Yet however tempting it is to think that history repeats itself, it is important to note the vast ideological differences. As some theorists pointed out, on a philosophical level the Second World War comprised the battle of three ideologies in order to determine which one best represents Modernity on a global scale. As a result, Communism (USSR) and Liberalism (U.S.) triumphed over Fascism. Subsequently, the Cold War served as the confrontation of the two remaining Modern ideologies, in which the collapse of the USSR (1991) signaled the victory of Liberalism. With Liberalism as the sole remaining representation of Modernity in the historical process—rendering the accepted 20th-century Left-Right paradigm obsolete—the period of Postmodernity commenced. Some analysts call this ideology “neo-Liberalism,” others—“post-Liberalism.” Both, however, describe the same historic trajectory, in which this set of ideas developed into its current form: the individual—with all his traditional ties removed—at the center of history, financial capital with its faceless transnational corporations as well as mindless consumerism and infotainment for the masses, the false belief in infinite economic progress (and expansion), and the secular religion of “human rights” as a tool of foreign policy that is often less than humanitarian, to name a few characteristics.

Of course, the other 20th-century ideologies did not disappear completely. But it is post-Liberalism with its global hegemony that allows them to exist and serve its own purposes. And it is the purveyors of this ideology, the elites in the official West, that sanction the existence of the self-described fascists in Ukraine, much as they do the so-called “moderate” rebels in the Middle East. Thus, the elites’ mouthpiece, mass media, whitewashes the former as “nationalists,” the “far right,” or simply “controversial.” In contrast, those that challenge its dominance ideologically, even in the most modest manner, undergo reductio ad Hitlerum.
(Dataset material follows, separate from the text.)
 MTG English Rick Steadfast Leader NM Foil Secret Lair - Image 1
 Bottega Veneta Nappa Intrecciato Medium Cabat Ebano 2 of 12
This is the case with any political party, for instance, Front National, exhibiting a semblance of traditionalism (anti-globalism), as modest as asserting national sovereignty over supra-national bodies, like NATO.

In fact, post-Liberal ideology is one of the factors that blinds many Westerners to the realities of the liberation war in Donbass. The current Western model of citizenship is an abstract one: it centers around a set of principles in which individuals are interchangeable—as long as they adopt “European values” or the “American way of life”—instead of the more traditional notions of rootedness in the landscape, cultural and linguistic ties, and ancestral bonds. Thus, those who subscribe to this abstraction have difficulty understanding how belonging to the same people (narod) overrides living in two different states—contemporary Russia and Ukraine—haphazardly formed at the time of the Soviet collapse, and why they seem so attached to their language, culture, religion, history, and land that they are willing to die for them. But even for those Russians that lean toward more traditionalist thought, it took this war—the war that was meant to separate—to ideologically and spiritually unite them with others like them across the border, to begin questioning who they really are, uncertain, but hopeful, forging the idea of the Russian World. Beyond Left and Right, Beyond Red and White.